And according to a study conducted by Public Health Nutrition, 75 percent of the SRO residents sampled were considered food insecure and 52 percent met criteria for severe food insecurity.
This lack of resource access is a catch-22, Eric Klinenberg writes in Heat Wave: A Social Autopsy of Disaster in Chicago. The old and the ill are unable to live safely in SRO hotels, but the hotels are still necessary in how they’re the only alternative to homelessness. SROs remain a critical means of housing for lower-income individuals.
“Without these SROs, [residents] would be homeless,” Biloche said.
Camp remembers Foswyn Arms as quiet and amicable. He won’t miss the building — he found bed bugs while he was leaving — but he will miss the relationships he formed.
Foswyn Arms didn’t have the facilities for community building. Camp said he always wished for a space to play cards, sit down and talk. But despite the lack of community space, residents made do.
“Everyone had fun on their floor,” he said. “We would talk and have fun and watch football in each others’ rooms.”
He’s worried about the strict rules at his new residency, Wilson-Windsor Hotels. “They were like ‘no noise, no coming out with your shorts on.’ Who does that?”
As of November 7, eight residents remain in Foswyn Arms finalizing relocation plans, but most have been relocated to other SROs.
The uncertainty of rent costs after renovation left many residents struggling to find a place that fits their needs, whether that be location convenience or lack of attractive options. One of the SROs on the relocation list had “front doors boarded with plywood,” Camp said.
Camp isn’t concerned for himself. While the relocation was frustrating, he is still able to work, so the move wasn’t as difficult for him financially. He’s tired, but he loves his job as a hospice nurse. He knows it’s not the same for others.
“Other people don’t have that luxury,” he said, “there’s people there now who I’m not sure what they’re going to do.”
He does hope he won’t have to move again.
While relocation plans and $2,000 of assistance are commendable, remaining seats in this game of housing musical chairs are dwindling.

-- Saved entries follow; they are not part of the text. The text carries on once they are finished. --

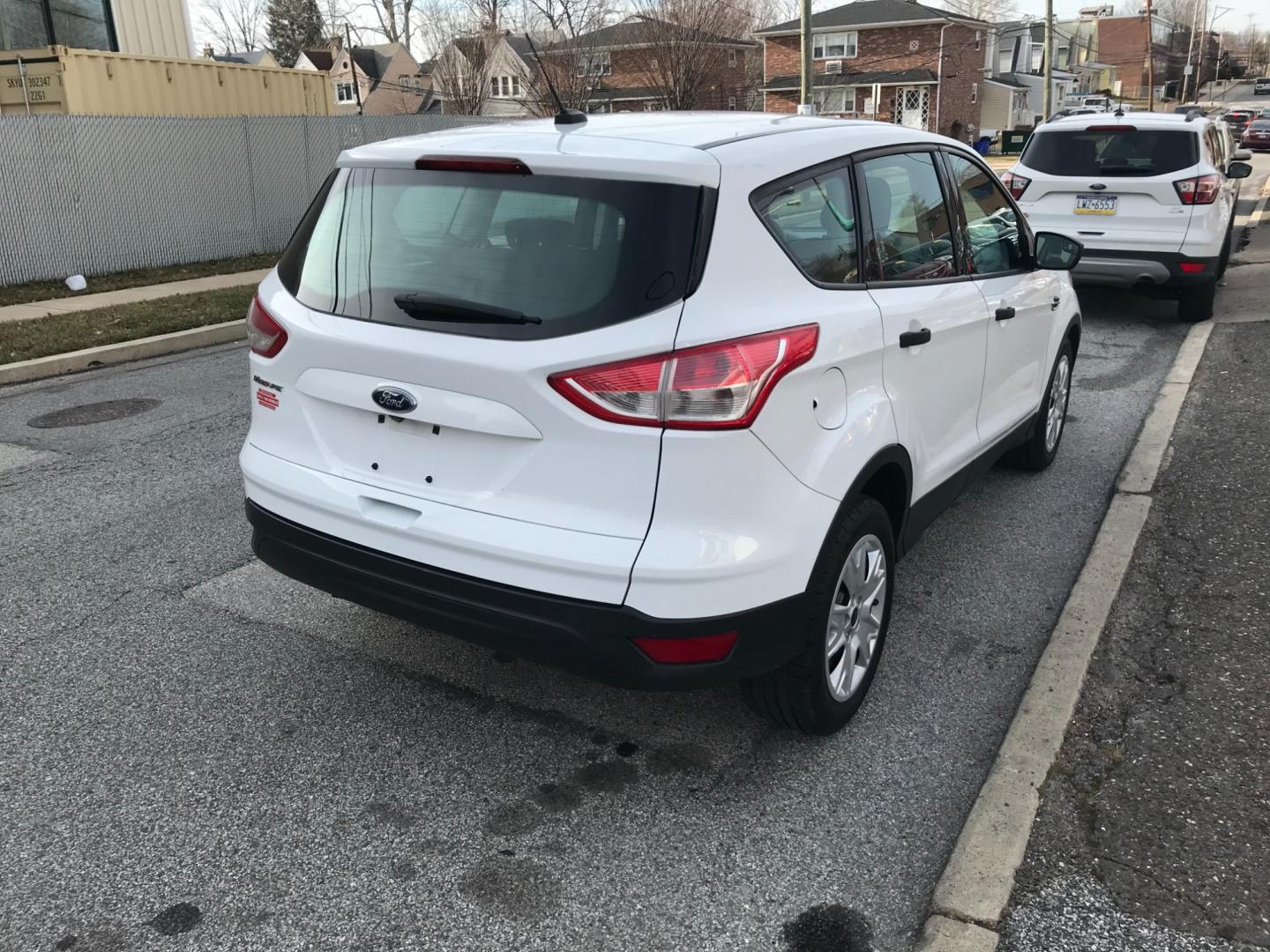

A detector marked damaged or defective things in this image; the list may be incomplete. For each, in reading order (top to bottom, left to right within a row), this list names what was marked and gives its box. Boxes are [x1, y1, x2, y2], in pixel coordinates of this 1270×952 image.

pothole patch [26, 398, 160, 428]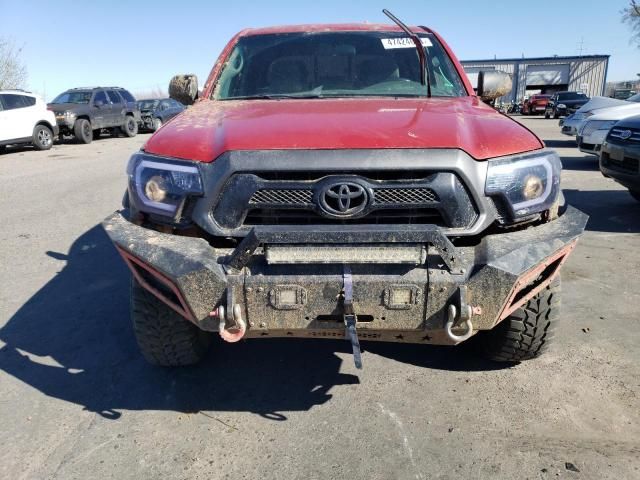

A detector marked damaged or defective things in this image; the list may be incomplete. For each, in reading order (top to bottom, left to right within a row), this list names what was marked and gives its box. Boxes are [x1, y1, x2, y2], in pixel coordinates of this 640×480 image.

damaged vehicle [137, 98, 184, 131]
damaged vehicle [102, 12, 588, 372]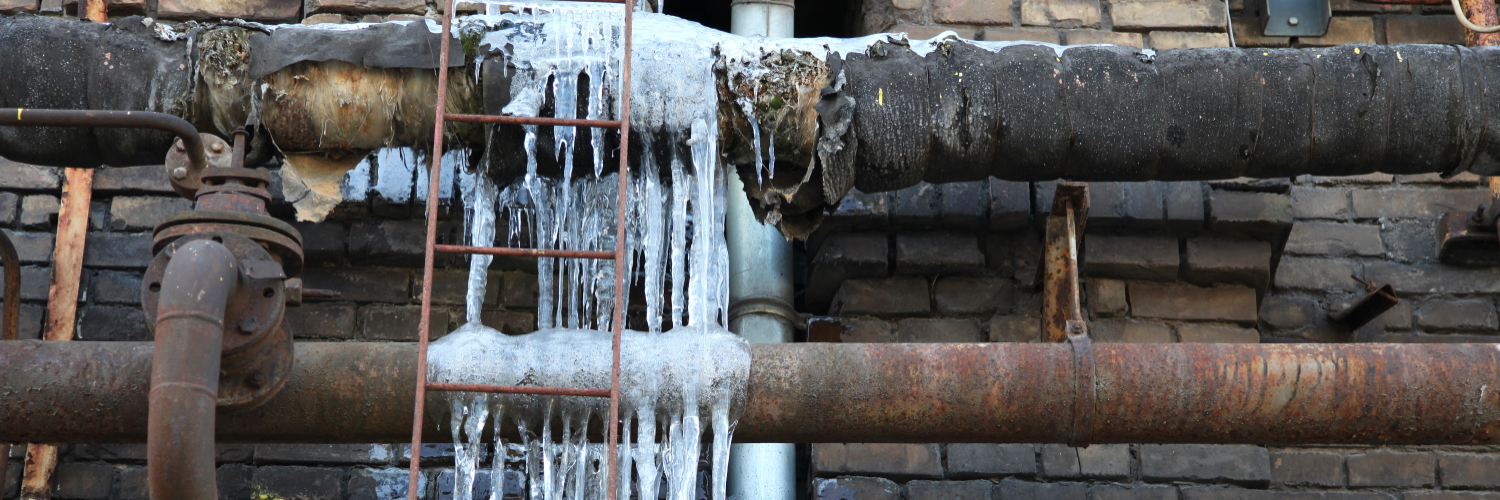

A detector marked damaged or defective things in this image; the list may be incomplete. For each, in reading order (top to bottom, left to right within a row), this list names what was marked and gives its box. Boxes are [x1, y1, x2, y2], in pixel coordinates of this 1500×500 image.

rusty horizontal pipe [0, 108, 208, 172]
rust-stained pipe [0, 108, 208, 172]
rust-stained pipe [0, 228, 17, 339]
rusty metal ladder [411, 1, 639, 495]
rusty bracket arm [1044, 183, 1092, 342]
rust-stained pipe [149, 237, 240, 498]
damaged pipe lagging [149, 237, 240, 498]
rusty bolt [247, 369, 265, 390]
rusty horizontal pipe [2, 339, 1500, 444]
rust-stained pipe [2, 339, 1500, 444]
damaged pipe lagging [8, 339, 1500, 444]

The 2014 SRO preservation ordinance also requires ensuring buyers are committed to maintaining affordability. It includes an SRO Improvement and Stabilization Program that provides forgivable loans and rental subsidies so building owners can maintain units at affordable rents.
Despite these initiatives, the number of SRO buildings dropped from 77 in 2014 to 58, as of August 2019. The Uptown community lost almost half its SRO buildings between 2008 and 2018, as reported by the Chicago Tribune.
“SROs meet a lot of people’s needs,” said Isabelle Gallant, ONE Northside volunteer and DePaul student. “They fill the gap the the [Chicago Housing Authority] leaves and gentrification is expanding. If SROs are disappearing, there’s nothing to fill that gap and that’s scary.”
Hague agrees.
“Urban lives have become much more divided,” he said. “There are poor neighborhoods and then middle-class white neighborhoods. SROs are part of a housing market that has disappeared.”
According to housing experts and advocates, disappearance of SROs and safety net affordable housing contribute to this divide.
If these last-resort housing accomodations dissipate and this concerning game of SRO musical chairs ends up chairless, where will residents turn?
Editor’s Note: Since publishing, LaBunski told Block Club Chicago that he did not own Foswyn Arms, despite his name on Cook County Assessor’s office tax property documentation and several residents naming him as landlord. A clarifying paragraph has been added to the story to reflect this.
Additionally, 14 East originally published that The Ambers had an SRO license, based on information from Chicago’s data portal. It has now been updated to reflect current SRO data provided by Starr Campbell, former project manager of HUD Housing Preservation.